No less than other regions of the world, sub-Saharan Africa experienced a quickening of democratic pressures during the 1980s. Within the past five years, more than three dozen African states long characterized by authoritarian rule have undergone political liberalization or a transfer of power through competitive elections. Although [End Page 172] international pressure has frequently influenced political transitions in Africa, the main catalysts of change have been Africans themselves. Professional associations, labor unions, churches, and human rights activists have spearheaded many of the region’s democratic movements, while a panoply of local organizations, social networks, and market channels have served to undermine the legitimacy and power of authoritarian incumbents. The recent increase in grassroots organization and political participation has drawn attention to the character of civil society in the region. Civil Society and the State in Africa is a wide-ranging and conceptually ambitious exploration of this subject.

The idea of civil society has enjoyed a spectacular renaissance in recent years, as citizens from Warsaw to Lusaka, Santiago to Beijing, have struck with a vengeance at entrenched autocratic regimes. The global resurgence of autonomous popular organization, civic activism, and political contestation has provoked a search for analytic tools to help us make sense of these historic shifts in state-society relations. Despite its origins in European political theory, the idea of civil society has often appeared as a universal verity in comparative analyses of democratic change. Yet the concept has revealed many permutations, even within the European context, and its applicability to African circumstances is by no means self-evident.

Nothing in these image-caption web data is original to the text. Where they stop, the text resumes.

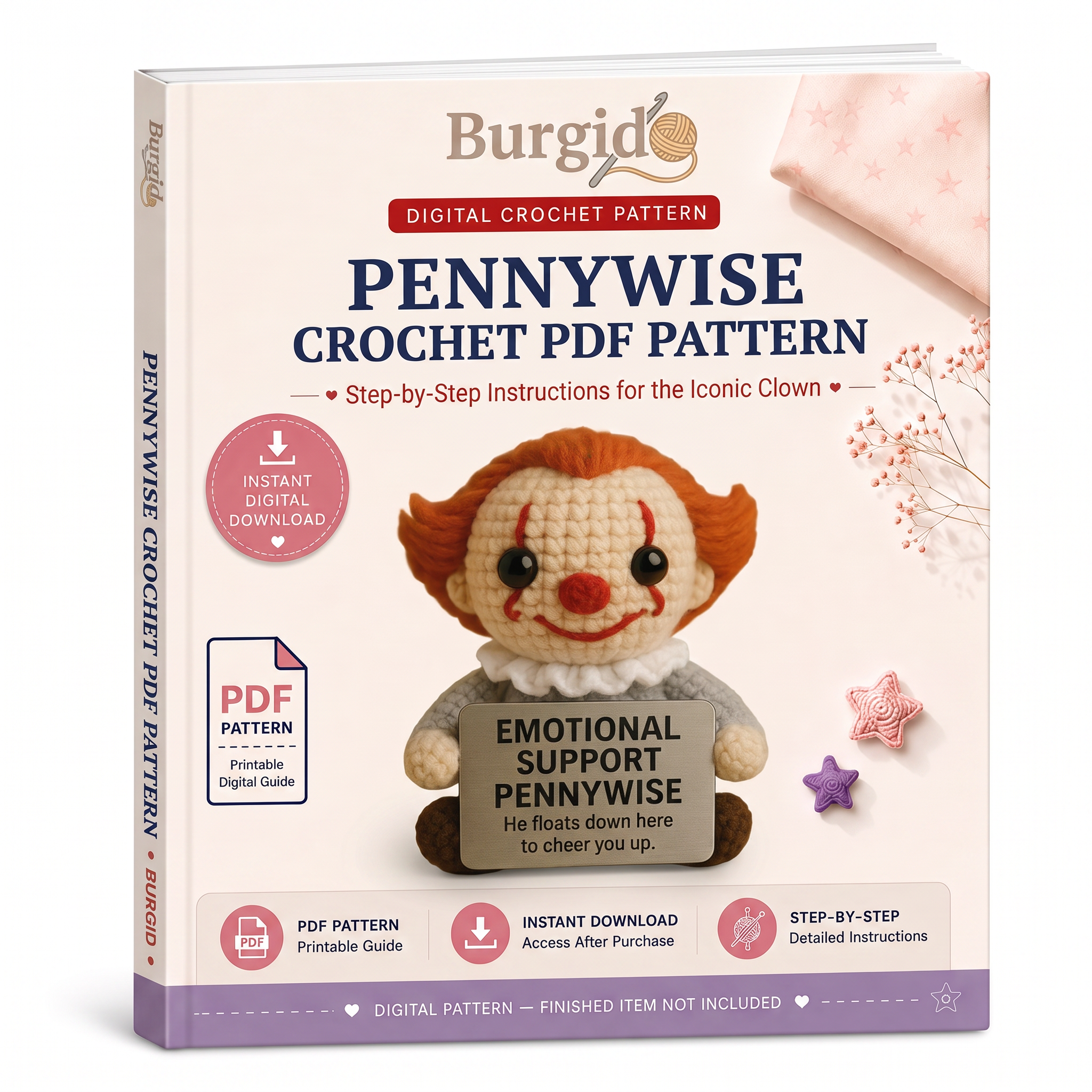 Pennywise Crochet PDF Pattern - digital download book cover mockup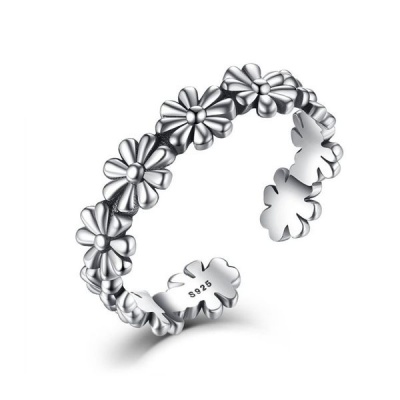 Photo of Cosmic 925 Silver Adjustable Ring -Eternity Flower Floral - 1 Size Fit All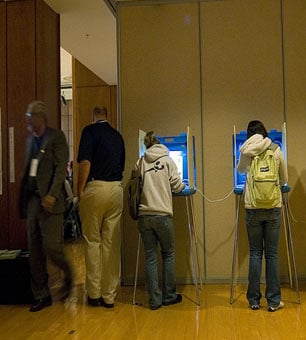 Voters at booths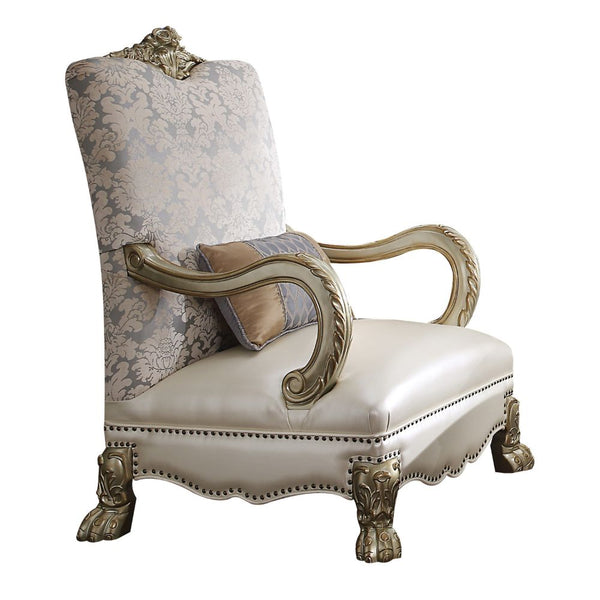 ACME Dresden II Pearl PU/Fabric & Gold Patina Accent Chair Model 54877 - MONAVILLA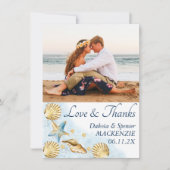 コースタルシック |モダンコーラルリーフ結婚写真 サンキューカード (正面)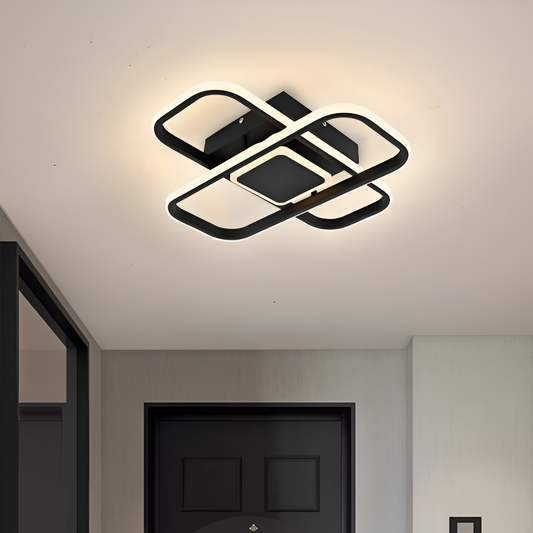 Lustra LED cu telecomanda VECTOR QUAD 52W, lumina Rece/Calda/Neutra, Dimabila, Negru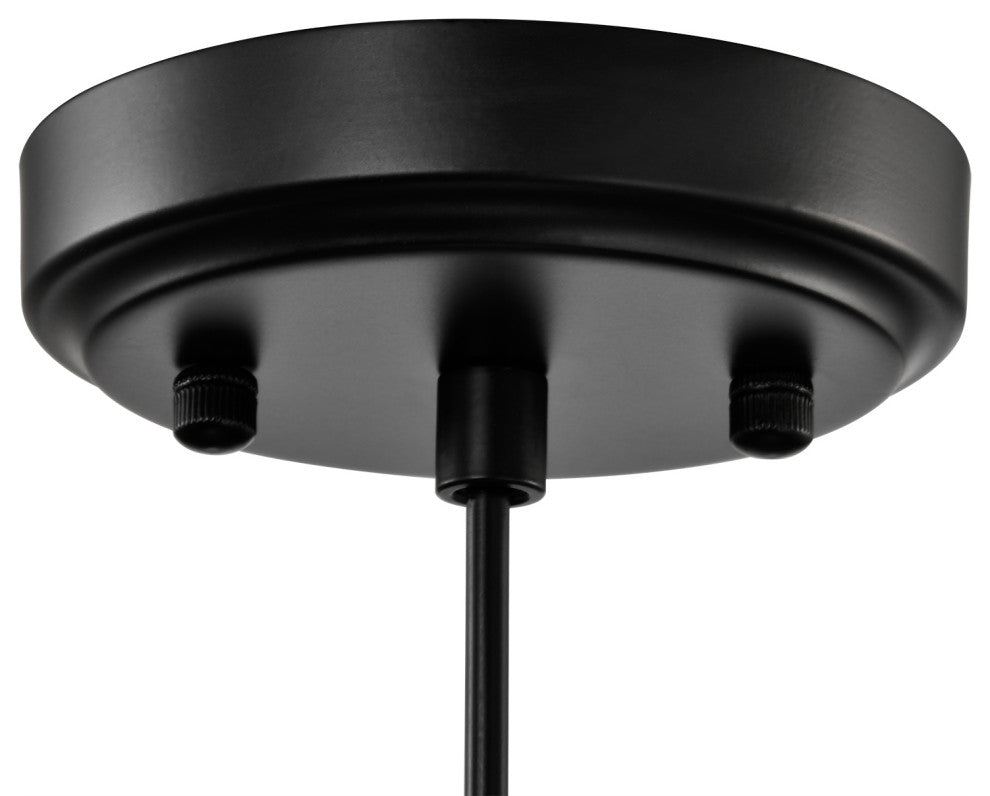 1-Light Matte Black Metal Cone Hanging Kitchen Pendant Light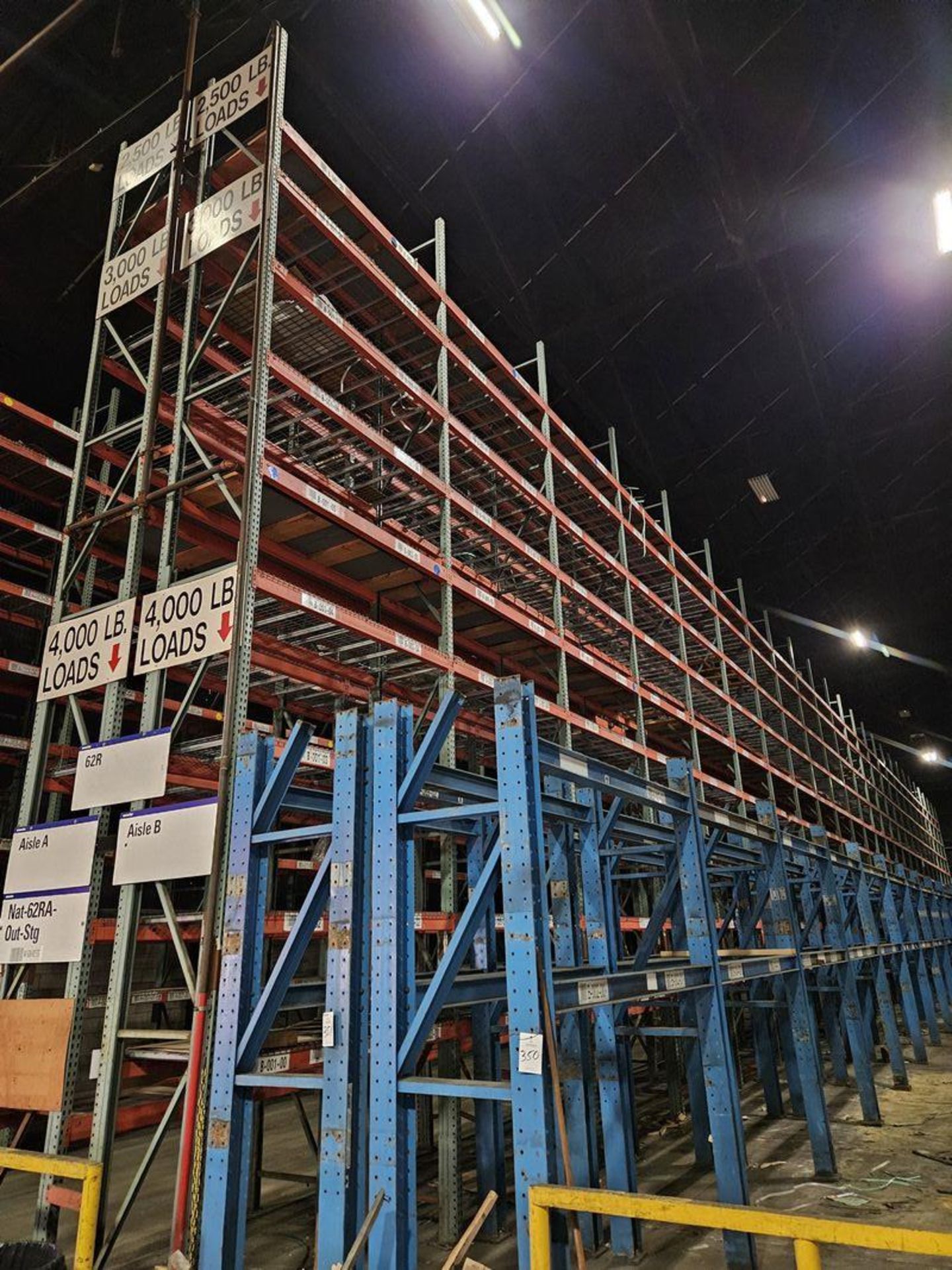 (25) Sections Pallet Racking 36" x Approx. 30' Uprights with 8' Cross Beams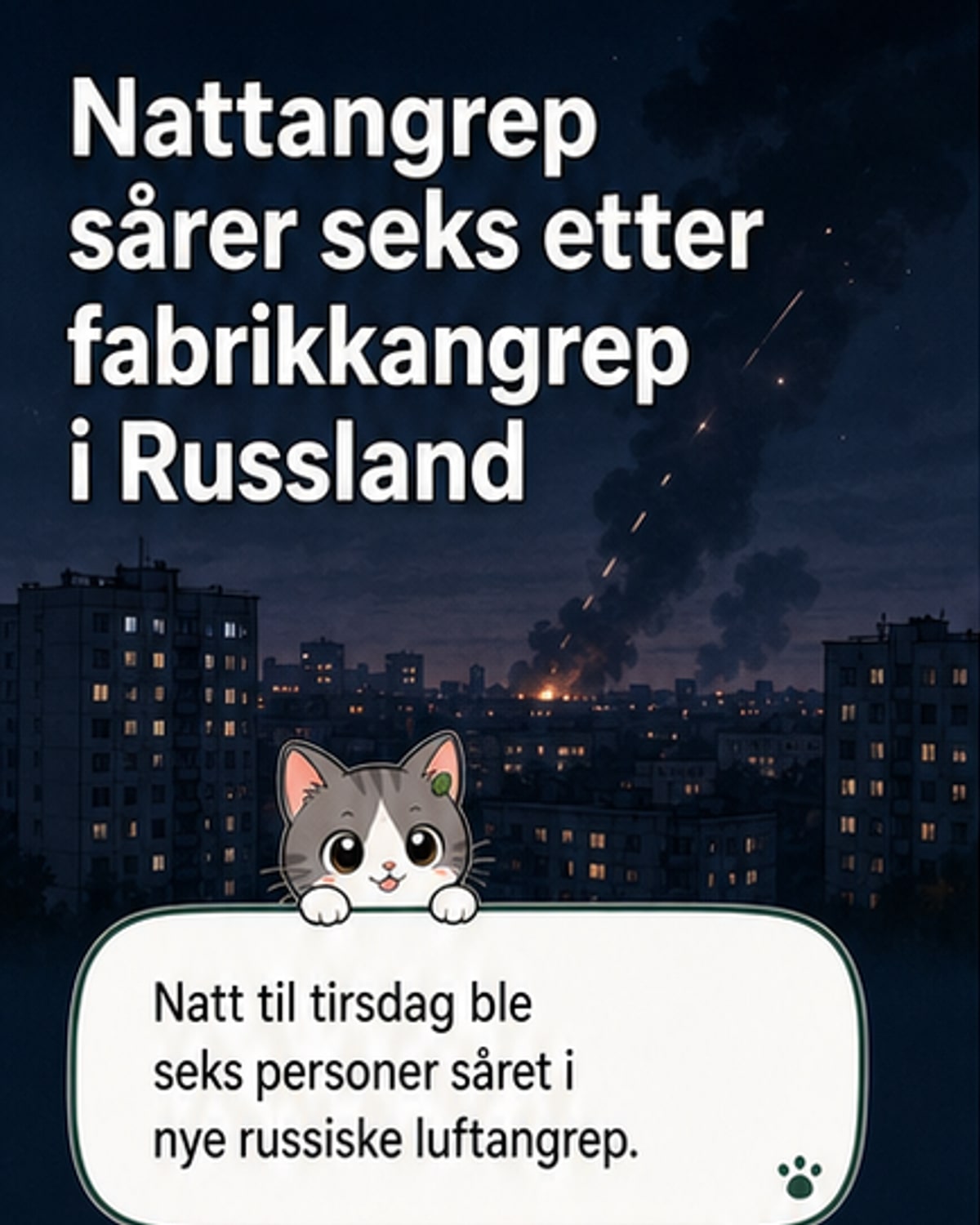 Illustrasjon av nattangrep med missiler over en by, røyk og brannlys i mørket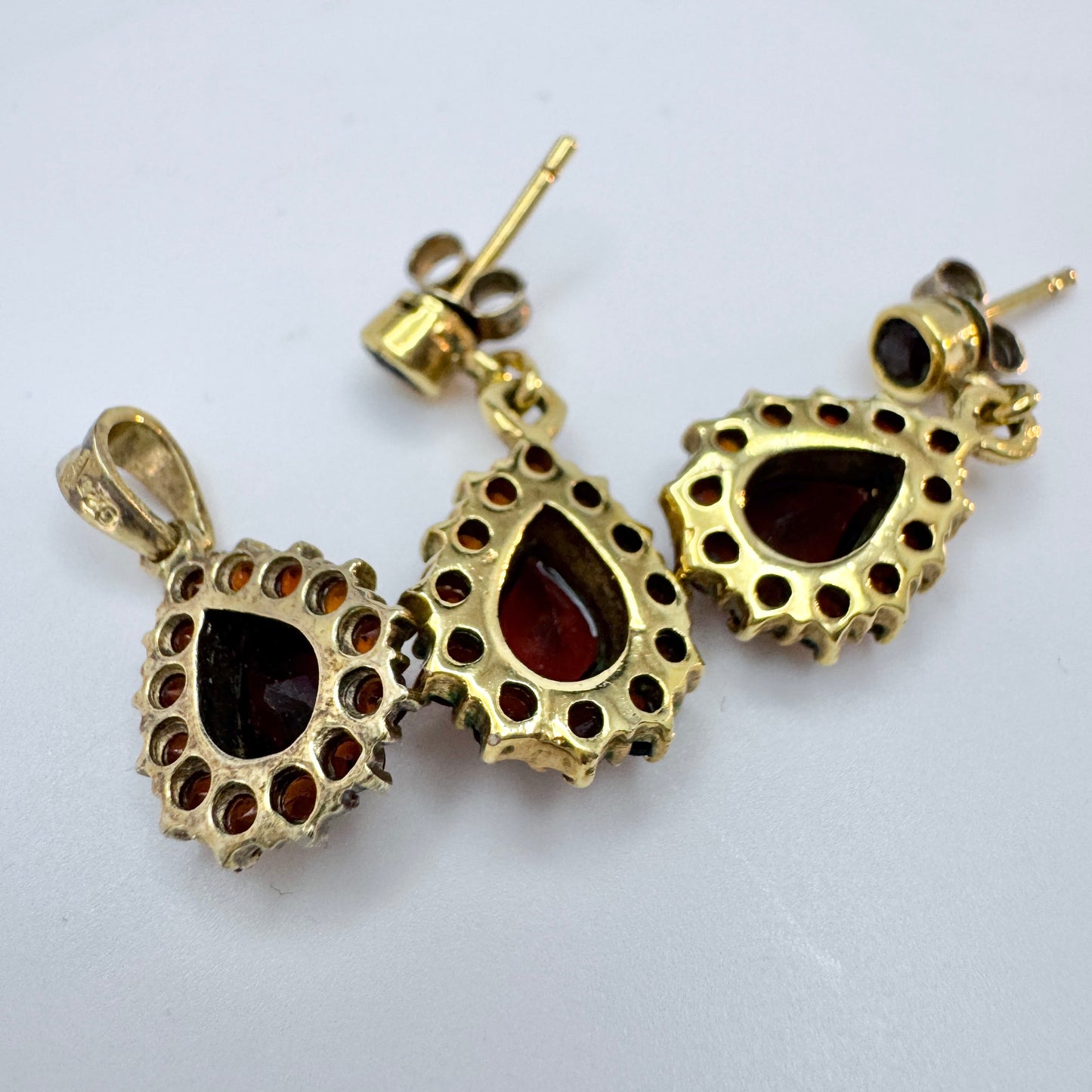 Vintage Gilt Sterling Silver Garnet Earrings + Pendant Set.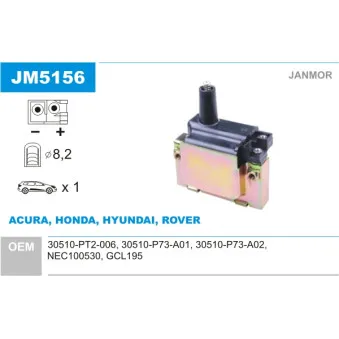 Bobine d'allumage JANMOR OEM 30510P73A02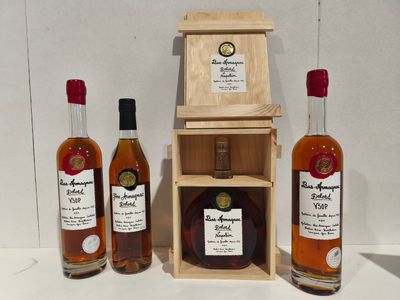 4 Bouteilles dont : 1 Coffret bois bas Armagnac Napoléon fam…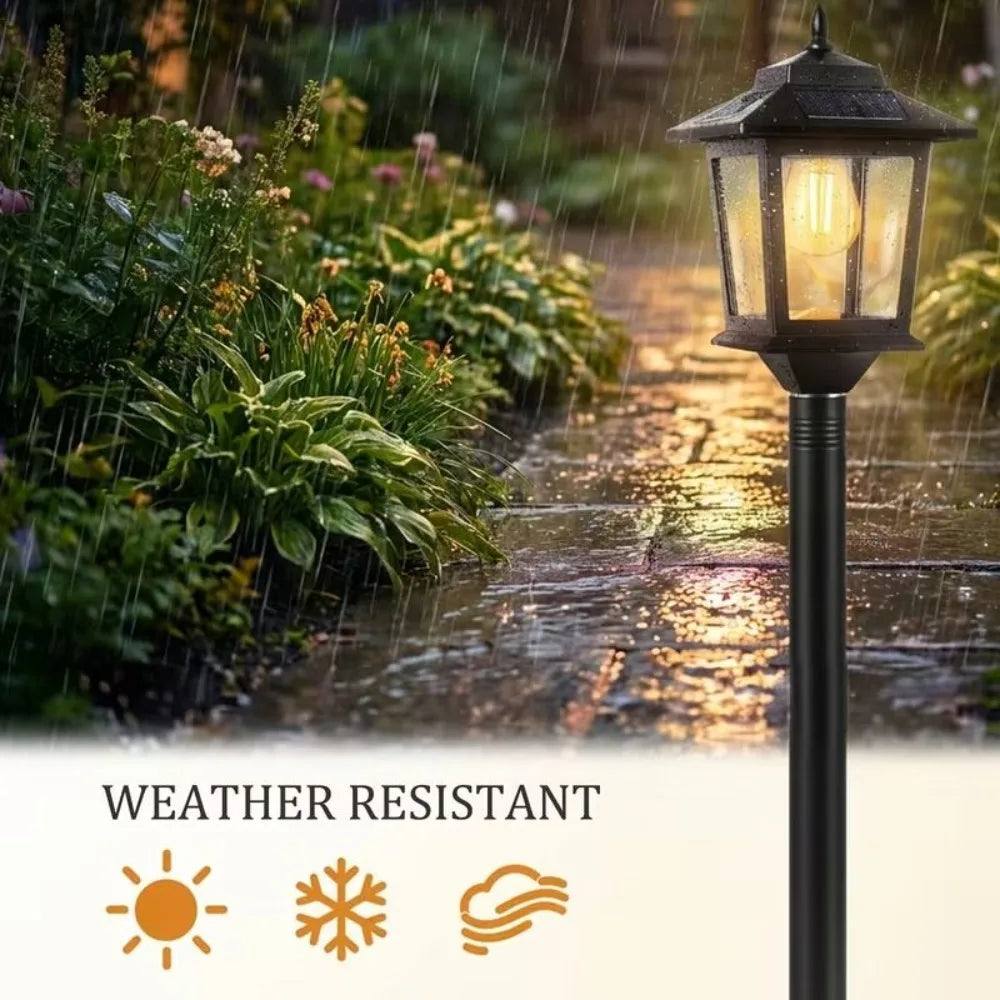 2 Pack 63 Inch Solar Lamp Post Lights, 1800 Lumens Outdoor Solar Landscape Lights with Replaceable Bulbs, IP44 Waterproof Warm White Lighting,Courtyard lights, outdoor solar street lights, for Garden, Patio, Lawn, Pathway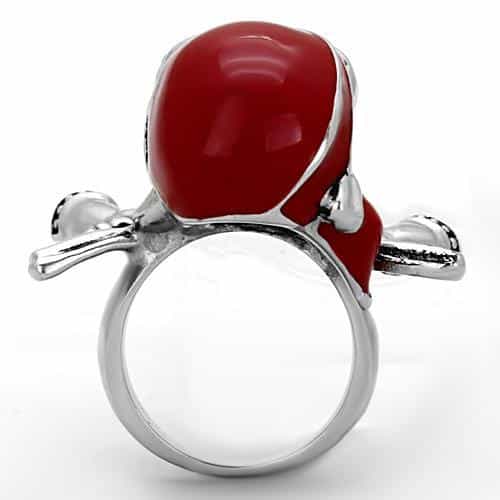 Stainless Steel Pirate Skull Red Bandana Crossbones Ring view 10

Many analysts adopt a broad view of civil society as a diverse realm of private and particular concerns outside the formal precincts of the state, while others stress the role of organized interests interacting within a common civic sphere. A few writers have defined the concept even more narrowly, as nonparty political opposition. The colonial origins of African states—and the heterogeneous and divided societies that have emerged—raise questions specific to the region. Is it reasonable to conceive of a coherent civil society in such fractious countries as Zaire, Mozambique, Rwanda, and Liberia? Is there a clear demarcation between the public and private realms in Africa’s personalized, clientelist states? Even if we can discern the outlines of a civic sphere in many African countries, does it necessarily follow that African civil society is democratic in its aspirations and activities?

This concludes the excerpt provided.